Islamic History
ISLAM AND THE ABOLITION OF SLAVERY
Author(s): William Gervase Clarence- Smith
Reviewed by: Iftikhar Malik, Bath Spa University, Bath
Review
Writing about slavery in reference to Islam while covering the entire Muslim history all the way since its inception in the Hejaz is certainly a gigantic project which may, expectedly, require several volumes, graphs, tables and maps, but Clarence-Smith has abridged it into a single but no less challenging volume. Using ten maps, his own travelling and teaching experiences in Africa, the Middle East, South and Southeast Asia, along with his extensive consultation of Western scholarship since the colonial times, the author has built up his narrative of the “peculiar institution”. Slaves were acquired through raids, in war booties and by sheer business exchanges all around the world to work in professions varying from domestic labour to soldiering, farms and guarding harems as eunuchs.

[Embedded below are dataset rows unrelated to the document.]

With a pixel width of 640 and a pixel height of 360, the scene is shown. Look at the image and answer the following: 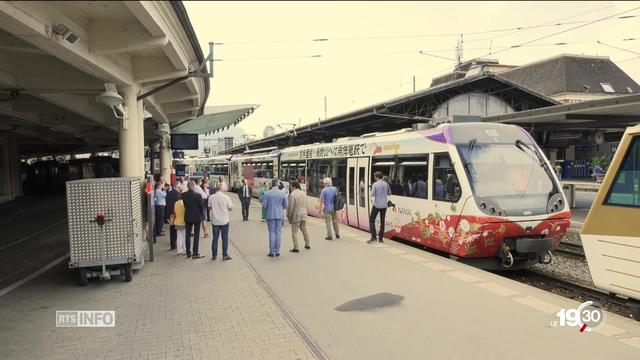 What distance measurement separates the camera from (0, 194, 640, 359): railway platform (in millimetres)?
5270

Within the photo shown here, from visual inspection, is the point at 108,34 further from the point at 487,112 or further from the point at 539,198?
the point at 487,112

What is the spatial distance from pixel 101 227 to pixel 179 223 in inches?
111

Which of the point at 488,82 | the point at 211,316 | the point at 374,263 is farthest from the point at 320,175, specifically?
the point at 488,82

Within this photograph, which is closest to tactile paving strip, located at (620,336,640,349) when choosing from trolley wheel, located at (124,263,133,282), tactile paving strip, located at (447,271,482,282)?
tactile paving strip, located at (447,271,482,282)

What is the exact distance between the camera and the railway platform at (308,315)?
17.3ft

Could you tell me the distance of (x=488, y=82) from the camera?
30.0 metres

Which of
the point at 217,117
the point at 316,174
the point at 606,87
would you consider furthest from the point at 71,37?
the point at 606,87

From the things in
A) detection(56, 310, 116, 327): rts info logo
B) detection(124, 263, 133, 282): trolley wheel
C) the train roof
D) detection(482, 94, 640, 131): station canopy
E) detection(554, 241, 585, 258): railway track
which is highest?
detection(482, 94, 640, 131): station canopy

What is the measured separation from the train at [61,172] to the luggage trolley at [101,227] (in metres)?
34.5

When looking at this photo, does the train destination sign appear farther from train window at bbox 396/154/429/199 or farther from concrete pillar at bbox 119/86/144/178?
concrete pillar at bbox 119/86/144/178

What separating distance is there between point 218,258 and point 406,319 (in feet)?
17.7

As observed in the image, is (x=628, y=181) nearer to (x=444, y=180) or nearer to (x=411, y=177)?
(x=444, y=180)

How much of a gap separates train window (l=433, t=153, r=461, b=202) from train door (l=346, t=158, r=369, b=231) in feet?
11.5

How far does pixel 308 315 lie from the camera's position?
6426 millimetres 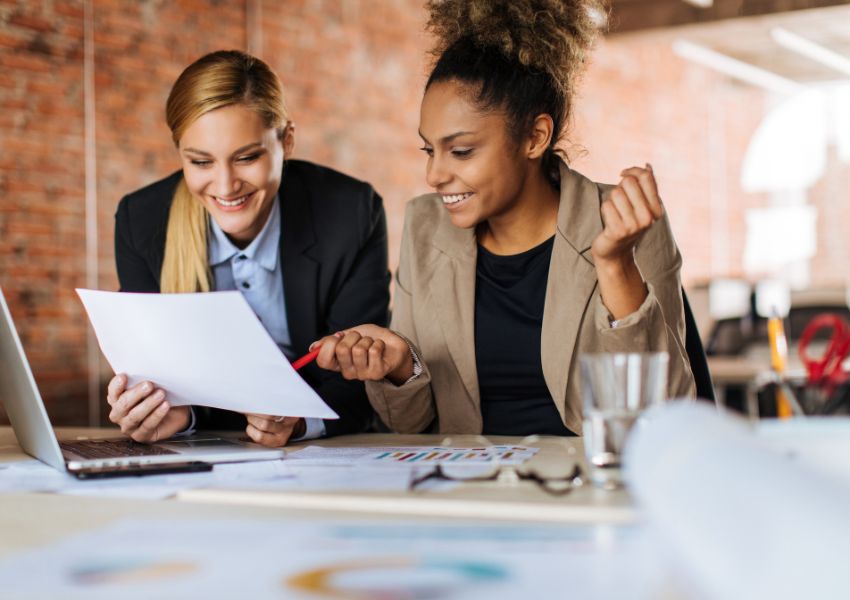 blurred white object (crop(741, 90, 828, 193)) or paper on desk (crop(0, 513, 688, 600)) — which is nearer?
paper on desk (crop(0, 513, 688, 600))

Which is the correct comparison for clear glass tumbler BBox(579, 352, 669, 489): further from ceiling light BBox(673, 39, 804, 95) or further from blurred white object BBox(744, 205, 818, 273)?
blurred white object BBox(744, 205, 818, 273)

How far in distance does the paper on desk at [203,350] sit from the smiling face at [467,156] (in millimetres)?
640

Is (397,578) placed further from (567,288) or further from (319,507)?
(567,288)

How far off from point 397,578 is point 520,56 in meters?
1.39

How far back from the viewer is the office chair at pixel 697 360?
71.1 inches

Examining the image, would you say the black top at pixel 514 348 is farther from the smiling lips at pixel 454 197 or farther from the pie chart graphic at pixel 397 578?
the pie chart graphic at pixel 397 578

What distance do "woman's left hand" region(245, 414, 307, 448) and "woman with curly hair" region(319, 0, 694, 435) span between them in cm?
23

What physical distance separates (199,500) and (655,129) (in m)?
8.95

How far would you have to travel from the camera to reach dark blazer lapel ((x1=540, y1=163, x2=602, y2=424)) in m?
1.75

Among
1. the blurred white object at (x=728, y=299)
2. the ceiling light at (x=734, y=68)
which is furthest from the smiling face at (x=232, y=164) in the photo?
the ceiling light at (x=734, y=68)

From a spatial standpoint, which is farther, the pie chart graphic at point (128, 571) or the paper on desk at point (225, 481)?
the paper on desk at point (225, 481)

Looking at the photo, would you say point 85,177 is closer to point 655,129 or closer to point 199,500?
point 199,500

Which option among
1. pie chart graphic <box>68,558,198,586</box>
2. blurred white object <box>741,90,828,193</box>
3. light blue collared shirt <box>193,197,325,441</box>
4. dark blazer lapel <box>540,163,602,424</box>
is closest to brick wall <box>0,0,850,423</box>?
dark blazer lapel <box>540,163,602,424</box>

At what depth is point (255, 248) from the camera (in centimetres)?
196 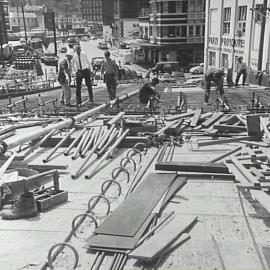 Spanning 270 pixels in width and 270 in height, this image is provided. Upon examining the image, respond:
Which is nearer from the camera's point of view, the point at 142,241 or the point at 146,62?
the point at 142,241

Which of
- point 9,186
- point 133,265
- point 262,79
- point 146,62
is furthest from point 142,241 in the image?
point 146,62

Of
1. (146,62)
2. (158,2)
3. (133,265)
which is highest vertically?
(158,2)

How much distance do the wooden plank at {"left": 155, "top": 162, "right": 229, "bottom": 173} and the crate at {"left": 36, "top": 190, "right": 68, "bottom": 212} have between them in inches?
81.0

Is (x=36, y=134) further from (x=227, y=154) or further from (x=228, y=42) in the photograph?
(x=228, y=42)

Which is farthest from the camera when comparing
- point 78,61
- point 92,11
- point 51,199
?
point 92,11

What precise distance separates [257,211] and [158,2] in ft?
160

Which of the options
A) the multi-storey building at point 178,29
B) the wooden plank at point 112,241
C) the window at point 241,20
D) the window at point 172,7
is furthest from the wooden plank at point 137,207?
the multi-storey building at point 178,29

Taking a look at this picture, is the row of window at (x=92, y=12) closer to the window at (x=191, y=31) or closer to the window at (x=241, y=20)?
the window at (x=191, y=31)

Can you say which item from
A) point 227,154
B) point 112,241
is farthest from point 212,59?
point 112,241

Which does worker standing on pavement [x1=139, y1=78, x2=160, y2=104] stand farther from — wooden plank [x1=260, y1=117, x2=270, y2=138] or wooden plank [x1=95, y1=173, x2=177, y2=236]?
wooden plank [x1=95, y1=173, x2=177, y2=236]

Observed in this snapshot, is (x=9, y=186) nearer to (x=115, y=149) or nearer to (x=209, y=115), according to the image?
(x=115, y=149)

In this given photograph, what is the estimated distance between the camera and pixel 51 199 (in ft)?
21.5

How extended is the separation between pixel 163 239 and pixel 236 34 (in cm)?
2805

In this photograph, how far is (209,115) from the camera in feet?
38.3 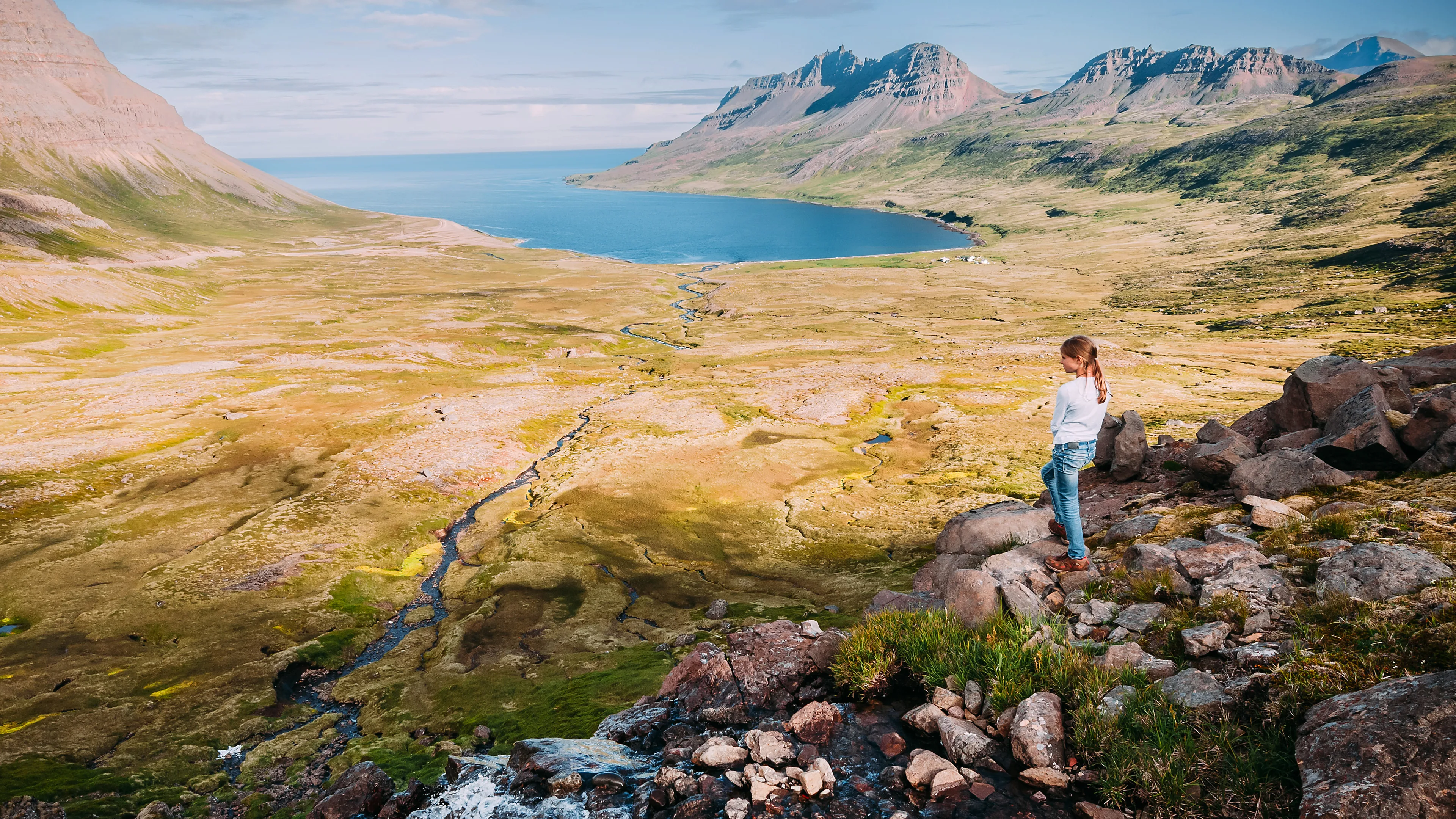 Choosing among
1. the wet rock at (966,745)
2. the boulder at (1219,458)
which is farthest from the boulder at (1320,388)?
the wet rock at (966,745)

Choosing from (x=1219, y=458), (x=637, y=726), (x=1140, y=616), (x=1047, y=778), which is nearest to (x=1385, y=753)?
(x=1047, y=778)

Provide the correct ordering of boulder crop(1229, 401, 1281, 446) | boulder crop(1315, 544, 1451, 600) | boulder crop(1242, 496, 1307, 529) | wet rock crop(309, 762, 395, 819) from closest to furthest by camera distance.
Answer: boulder crop(1315, 544, 1451, 600) → wet rock crop(309, 762, 395, 819) → boulder crop(1242, 496, 1307, 529) → boulder crop(1229, 401, 1281, 446)

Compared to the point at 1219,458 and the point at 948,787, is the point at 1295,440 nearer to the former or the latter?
the point at 1219,458

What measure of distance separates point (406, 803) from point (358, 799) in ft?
5.81

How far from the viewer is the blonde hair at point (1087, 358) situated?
17156 mm

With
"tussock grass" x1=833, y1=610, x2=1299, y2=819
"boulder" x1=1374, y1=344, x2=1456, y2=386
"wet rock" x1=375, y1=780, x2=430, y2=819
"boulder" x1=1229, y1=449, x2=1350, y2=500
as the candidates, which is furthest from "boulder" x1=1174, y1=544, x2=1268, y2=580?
"boulder" x1=1374, y1=344, x2=1456, y2=386

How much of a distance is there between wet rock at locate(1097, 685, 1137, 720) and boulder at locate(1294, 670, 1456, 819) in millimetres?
2605

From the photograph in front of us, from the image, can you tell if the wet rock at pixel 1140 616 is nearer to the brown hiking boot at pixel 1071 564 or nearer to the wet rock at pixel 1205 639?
the wet rock at pixel 1205 639

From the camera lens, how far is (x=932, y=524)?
5719cm

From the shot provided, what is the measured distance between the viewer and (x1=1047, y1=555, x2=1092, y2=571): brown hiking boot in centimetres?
1933

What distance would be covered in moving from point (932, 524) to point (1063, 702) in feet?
147

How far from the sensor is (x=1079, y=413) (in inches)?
698

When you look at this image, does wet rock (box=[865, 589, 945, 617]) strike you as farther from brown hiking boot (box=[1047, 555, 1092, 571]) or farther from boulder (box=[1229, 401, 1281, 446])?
boulder (box=[1229, 401, 1281, 446])

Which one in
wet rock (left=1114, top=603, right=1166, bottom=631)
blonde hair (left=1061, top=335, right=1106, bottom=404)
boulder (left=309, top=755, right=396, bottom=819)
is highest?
blonde hair (left=1061, top=335, right=1106, bottom=404) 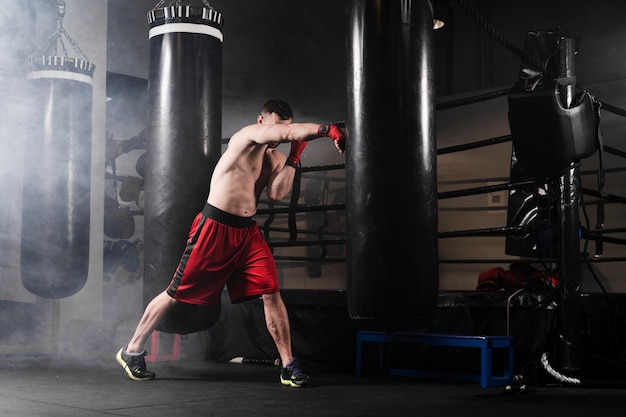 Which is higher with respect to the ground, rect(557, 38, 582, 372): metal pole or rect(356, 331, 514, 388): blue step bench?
rect(557, 38, 582, 372): metal pole

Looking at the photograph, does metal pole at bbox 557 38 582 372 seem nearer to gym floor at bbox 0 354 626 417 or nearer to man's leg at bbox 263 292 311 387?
gym floor at bbox 0 354 626 417

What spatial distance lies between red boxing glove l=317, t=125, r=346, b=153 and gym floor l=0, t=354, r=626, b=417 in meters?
0.79

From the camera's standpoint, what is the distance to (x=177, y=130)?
3.06 metres

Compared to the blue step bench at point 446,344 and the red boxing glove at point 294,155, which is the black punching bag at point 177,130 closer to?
the red boxing glove at point 294,155

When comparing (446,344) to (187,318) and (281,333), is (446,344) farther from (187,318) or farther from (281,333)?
(187,318)

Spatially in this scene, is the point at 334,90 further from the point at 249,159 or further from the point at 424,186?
the point at 424,186

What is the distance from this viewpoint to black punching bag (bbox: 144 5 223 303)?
10.0 feet

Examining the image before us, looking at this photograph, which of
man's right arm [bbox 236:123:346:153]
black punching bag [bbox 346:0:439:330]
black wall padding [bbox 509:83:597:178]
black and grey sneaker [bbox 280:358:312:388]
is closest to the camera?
black punching bag [bbox 346:0:439:330]

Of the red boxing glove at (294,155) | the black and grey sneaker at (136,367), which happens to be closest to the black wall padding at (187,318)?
the black and grey sneaker at (136,367)

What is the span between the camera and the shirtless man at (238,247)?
121 inches

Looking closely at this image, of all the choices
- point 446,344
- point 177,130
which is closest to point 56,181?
point 177,130

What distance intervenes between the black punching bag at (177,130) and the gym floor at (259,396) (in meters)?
0.50

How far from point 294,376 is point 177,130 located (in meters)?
1.09

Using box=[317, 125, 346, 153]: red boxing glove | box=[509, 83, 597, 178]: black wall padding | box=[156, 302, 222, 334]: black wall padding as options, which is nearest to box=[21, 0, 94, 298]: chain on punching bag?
box=[156, 302, 222, 334]: black wall padding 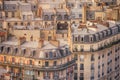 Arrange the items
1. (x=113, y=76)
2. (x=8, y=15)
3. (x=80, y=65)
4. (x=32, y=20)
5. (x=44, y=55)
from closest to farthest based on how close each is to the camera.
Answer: (x=44, y=55), (x=80, y=65), (x=113, y=76), (x=32, y=20), (x=8, y=15)

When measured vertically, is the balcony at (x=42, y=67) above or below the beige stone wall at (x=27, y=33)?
below

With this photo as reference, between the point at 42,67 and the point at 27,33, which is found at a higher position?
the point at 27,33

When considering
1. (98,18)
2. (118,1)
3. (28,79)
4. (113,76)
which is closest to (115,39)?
(113,76)

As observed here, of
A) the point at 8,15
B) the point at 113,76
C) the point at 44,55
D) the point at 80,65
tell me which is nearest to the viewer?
the point at 44,55

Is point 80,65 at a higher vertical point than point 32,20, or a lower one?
lower

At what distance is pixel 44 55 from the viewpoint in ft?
225

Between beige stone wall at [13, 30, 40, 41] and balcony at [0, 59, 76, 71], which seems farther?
beige stone wall at [13, 30, 40, 41]

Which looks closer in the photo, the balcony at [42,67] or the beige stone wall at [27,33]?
the balcony at [42,67]

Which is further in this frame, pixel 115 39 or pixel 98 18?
pixel 98 18

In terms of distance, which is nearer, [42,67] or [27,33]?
[42,67]

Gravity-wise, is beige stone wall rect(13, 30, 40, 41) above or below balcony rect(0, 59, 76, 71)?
above

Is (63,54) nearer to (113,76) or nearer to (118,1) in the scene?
(113,76)

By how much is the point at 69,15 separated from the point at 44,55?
37.5m

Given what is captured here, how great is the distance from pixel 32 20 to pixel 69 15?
969 centimetres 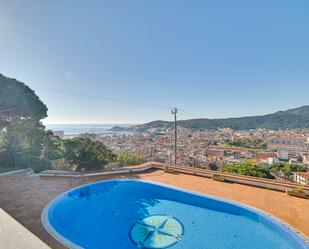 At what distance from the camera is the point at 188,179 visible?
7250 mm

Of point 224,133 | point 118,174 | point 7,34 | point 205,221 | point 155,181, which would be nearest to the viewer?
point 205,221

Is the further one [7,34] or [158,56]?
[158,56]

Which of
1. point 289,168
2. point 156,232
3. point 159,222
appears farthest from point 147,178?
point 289,168

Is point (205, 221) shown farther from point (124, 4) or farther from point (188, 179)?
point (124, 4)

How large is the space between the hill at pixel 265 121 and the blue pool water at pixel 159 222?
27858 mm

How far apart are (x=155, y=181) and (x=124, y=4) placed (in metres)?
7.17

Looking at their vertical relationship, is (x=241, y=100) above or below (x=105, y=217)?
above

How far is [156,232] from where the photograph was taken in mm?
4137

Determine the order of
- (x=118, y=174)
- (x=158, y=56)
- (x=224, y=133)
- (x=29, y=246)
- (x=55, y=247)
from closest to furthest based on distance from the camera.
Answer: (x=29, y=246) → (x=55, y=247) → (x=118, y=174) → (x=158, y=56) → (x=224, y=133)

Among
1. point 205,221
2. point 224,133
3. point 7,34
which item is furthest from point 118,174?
point 224,133

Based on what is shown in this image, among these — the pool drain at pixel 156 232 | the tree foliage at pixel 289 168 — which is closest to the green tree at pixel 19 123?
the pool drain at pixel 156 232

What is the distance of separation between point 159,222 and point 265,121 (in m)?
44.8

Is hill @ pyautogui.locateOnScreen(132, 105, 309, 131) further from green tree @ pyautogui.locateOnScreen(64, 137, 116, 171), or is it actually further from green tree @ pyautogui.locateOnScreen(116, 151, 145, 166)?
green tree @ pyautogui.locateOnScreen(64, 137, 116, 171)

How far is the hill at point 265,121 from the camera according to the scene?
35.5m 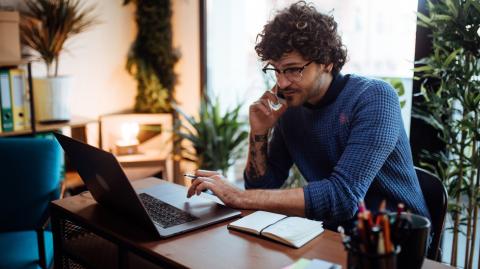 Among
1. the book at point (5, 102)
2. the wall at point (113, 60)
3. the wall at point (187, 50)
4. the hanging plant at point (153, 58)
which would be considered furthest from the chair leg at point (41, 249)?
the wall at point (187, 50)

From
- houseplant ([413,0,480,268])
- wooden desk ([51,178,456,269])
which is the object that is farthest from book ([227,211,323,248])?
houseplant ([413,0,480,268])

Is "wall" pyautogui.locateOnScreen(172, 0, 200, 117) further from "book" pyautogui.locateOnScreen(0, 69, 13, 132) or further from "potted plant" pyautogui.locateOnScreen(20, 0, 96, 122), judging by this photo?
"book" pyautogui.locateOnScreen(0, 69, 13, 132)

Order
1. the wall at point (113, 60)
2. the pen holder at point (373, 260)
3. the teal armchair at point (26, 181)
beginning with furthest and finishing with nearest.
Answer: the wall at point (113, 60) < the teal armchair at point (26, 181) < the pen holder at point (373, 260)

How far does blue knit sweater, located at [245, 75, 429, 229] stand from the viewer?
140 centimetres

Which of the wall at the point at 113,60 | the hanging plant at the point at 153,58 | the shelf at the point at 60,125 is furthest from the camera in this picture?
the hanging plant at the point at 153,58

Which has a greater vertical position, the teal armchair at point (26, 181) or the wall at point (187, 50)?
the wall at point (187, 50)

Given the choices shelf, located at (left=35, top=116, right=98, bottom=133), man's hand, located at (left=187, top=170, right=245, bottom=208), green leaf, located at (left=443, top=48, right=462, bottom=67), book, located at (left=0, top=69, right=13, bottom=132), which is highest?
green leaf, located at (left=443, top=48, right=462, bottom=67)

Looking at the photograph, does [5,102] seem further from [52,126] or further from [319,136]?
[319,136]

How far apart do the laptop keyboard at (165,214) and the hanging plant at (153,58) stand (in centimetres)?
227

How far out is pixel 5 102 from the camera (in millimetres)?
2680

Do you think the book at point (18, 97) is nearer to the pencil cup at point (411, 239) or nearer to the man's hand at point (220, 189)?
the man's hand at point (220, 189)

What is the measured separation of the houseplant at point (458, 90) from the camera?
→ 195 centimetres

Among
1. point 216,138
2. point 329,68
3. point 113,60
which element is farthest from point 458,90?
point 113,60

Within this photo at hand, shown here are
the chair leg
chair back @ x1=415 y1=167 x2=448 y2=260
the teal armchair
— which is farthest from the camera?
the teal armchair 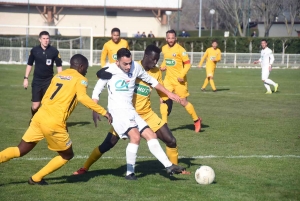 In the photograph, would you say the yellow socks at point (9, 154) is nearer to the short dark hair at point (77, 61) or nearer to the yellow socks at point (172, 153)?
the short dark hair at point (77, 61)

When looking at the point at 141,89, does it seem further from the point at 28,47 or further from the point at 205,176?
the point at 28,47

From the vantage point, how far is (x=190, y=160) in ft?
33.1

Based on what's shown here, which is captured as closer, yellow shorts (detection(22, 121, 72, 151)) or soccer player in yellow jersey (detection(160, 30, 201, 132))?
yellow shorts (detection(22, 121, 72, 151))

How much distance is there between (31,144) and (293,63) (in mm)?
39335

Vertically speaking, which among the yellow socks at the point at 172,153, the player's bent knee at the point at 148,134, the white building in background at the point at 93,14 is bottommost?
the yellow socks at the point at 172,153

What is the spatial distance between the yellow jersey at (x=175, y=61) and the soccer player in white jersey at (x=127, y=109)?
18.4 feet

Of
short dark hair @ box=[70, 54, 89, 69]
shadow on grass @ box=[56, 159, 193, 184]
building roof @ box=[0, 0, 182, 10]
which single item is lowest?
shadow on grass @ box=[56, 159, 193, 184]

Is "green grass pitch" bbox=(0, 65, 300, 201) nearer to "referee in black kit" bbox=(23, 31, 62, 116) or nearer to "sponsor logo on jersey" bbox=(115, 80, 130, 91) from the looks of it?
"referee in black kit" bbox=(23, 31, 62, 116)

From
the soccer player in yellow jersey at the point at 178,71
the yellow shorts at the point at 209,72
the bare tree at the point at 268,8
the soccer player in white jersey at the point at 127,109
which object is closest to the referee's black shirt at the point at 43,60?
the soccer player in yellow jersey at the point at 178,71

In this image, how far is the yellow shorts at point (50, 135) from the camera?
304 inches

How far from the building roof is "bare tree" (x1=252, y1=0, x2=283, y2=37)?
7654 millimetres

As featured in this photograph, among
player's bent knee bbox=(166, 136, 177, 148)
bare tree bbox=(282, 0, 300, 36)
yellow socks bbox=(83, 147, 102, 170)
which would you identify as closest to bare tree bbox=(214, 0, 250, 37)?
bare tree bbox=(282, 0, 300, 36)

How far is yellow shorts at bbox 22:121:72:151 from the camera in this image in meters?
7.71

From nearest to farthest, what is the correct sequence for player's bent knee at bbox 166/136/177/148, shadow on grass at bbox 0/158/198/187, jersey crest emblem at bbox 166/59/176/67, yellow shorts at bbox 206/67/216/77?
shadow on grass at bbox 0/158/198/187 → player's bent knee at bbox 166/136/177/148 → jersey crest emblem at bbox 166/59/176/67 → yellow shorts at bbox 206/67/216/77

Though most of the slaves came from Africa, yet a fair number of Asians and Europeans were inducted in the imperial armies, domestic servitude and farm labour looking after pastures, fields and orchards. The Prophetic teachings and Qur’anic injunctions while exhorting a more humane treatment of those in servitude, however, did not vocally abolish slavery once for all and here Islam, like other Abrahamic traditions and Indian faith systems, stopped short of a total abolition which allowed many ulema to justify enslavement under several conditions.